As a Clear, I had my own certainty on what I could do, and what my future was influenced by.
As an OT, I have an ever-increasing understanding of the power of the postulate, and my whole view of life has changed.
When I completed OT 2, one of my realizations was that when I now make a postulate, the counter-push, or counter-effort that had seemingly always occurred immediately afterwards, was gone. As a simple example — a postulate that the day is going to go well, would earlier always be immediately countermanded by an idea that that would not be the case, and of course, right on cue, things would not go as planned, with a child’s tantrum, a flat tire, or some random action that made the day less than desirable.

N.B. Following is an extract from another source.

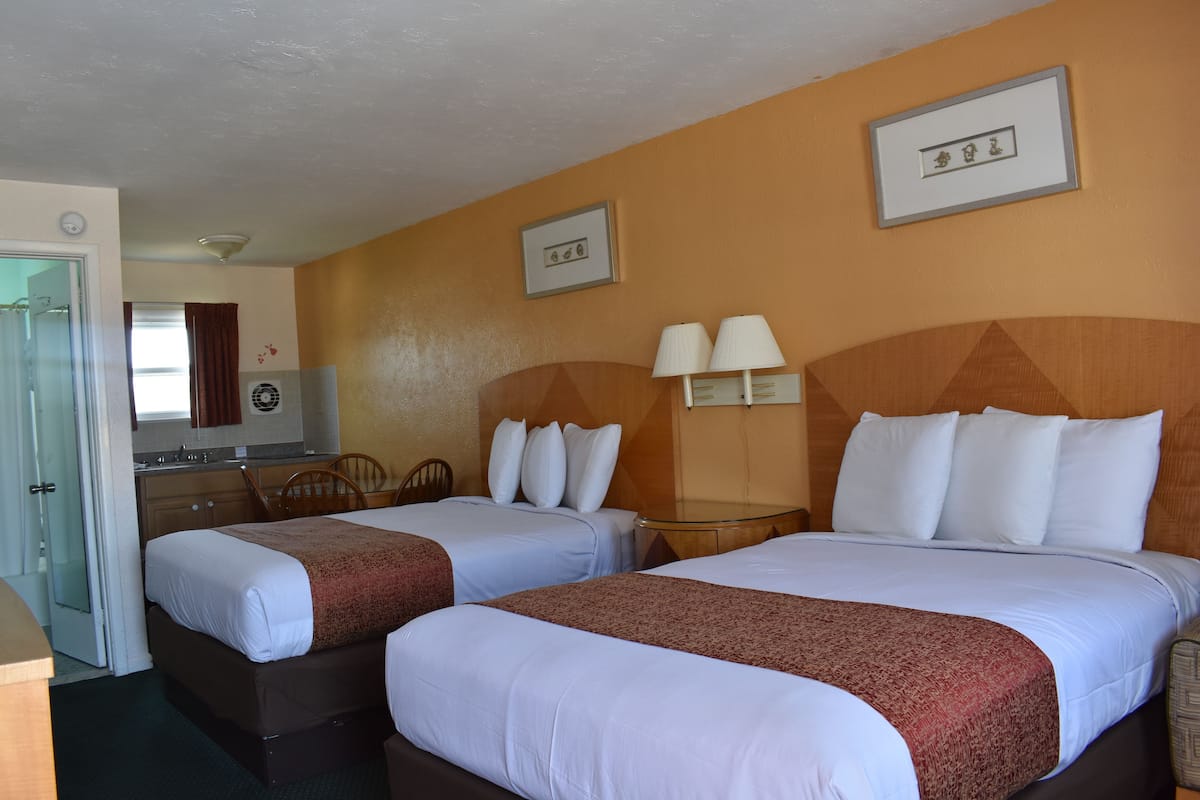 A hotel room with two beds, a small kitchenette, a bathroom, and a dining area.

Once I started NOTs, my adventures regarding postulates took on a whole new level that I had never anticipated. Each one could be called an OT “win” but interestingly, they occur so often that it is a misnomer. A better description would be that my day to day life has intrinsically changed and now the game has lifted to constantly creating new games, with more randomity, more challenge, and to a degree, more risk, and using postulates on a continuing basis to play that new game.

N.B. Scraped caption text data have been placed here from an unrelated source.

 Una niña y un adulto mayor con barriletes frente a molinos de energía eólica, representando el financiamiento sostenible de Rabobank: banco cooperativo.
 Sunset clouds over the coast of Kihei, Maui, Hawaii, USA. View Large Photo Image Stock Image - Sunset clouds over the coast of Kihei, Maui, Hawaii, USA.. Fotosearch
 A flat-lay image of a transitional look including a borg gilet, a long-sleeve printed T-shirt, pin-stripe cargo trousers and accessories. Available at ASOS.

Just a few days ago I was handed a problem to get a precious package worth over $800, located 1 ½ hours South of my location, couriered to another Northern rural location 1 ½ hours away, when there was no time to use post or professional courier services. There was no option for failure, and postulates just came into play. The package just happened to unexpectedly be only 30 minutes away with a 3rd person, who obliged and drove it to my door.
I was unable to drive the item myself (just one of the restrictions when you have a young family who are expecting dinner on the table), so I decided that I needed to find a trusted teen who could drop everything and courier the package for me. I had an idea/picture of who I wanted to do it, however I had not spoken to the teen (ever) and had not seen his father for almost a year (though he lives in my local village). I drove to the village and there was the teen’s father standing outside his house, seemingly just waiting for me to show up. I asked and yes, his son could do the job. Less than an hour later the package was on its way. If I had tried to count up the number of problems or issues that could have popped up (and didn’t) it would have been longer than my arm – but instead, it just went seamlessly, and I had to remind myself that this is actually not what most people would consider “normal”.
Another recent example is the organization of a 5 day conference, which was handed to me 4 weeks ago, and which I have worked on heavily and am now on Day 3 of delivering (with nothing but rave responses). I have come to know my own capabilities and skills as an OT, but I still find it kind of funny that few know or understand what is behind the competence and efficiency that others observe and constantly comment on.
I don’t write this as some sort of horn tooting, as frankly my own postulates do not require the confirmation, validation or approval of others. They just work. But I think it should be said regularly and routinely that being OT is not “normal”, and I think many people, particularly those who have had these skills for a long time, have forgotten or invalidated some of their OT abilities – and this really should not be done.
The power of the postulate is only hampered by our own views and considerations on it.As that is the power of the postulate.
And I think that cannot be repeated enough.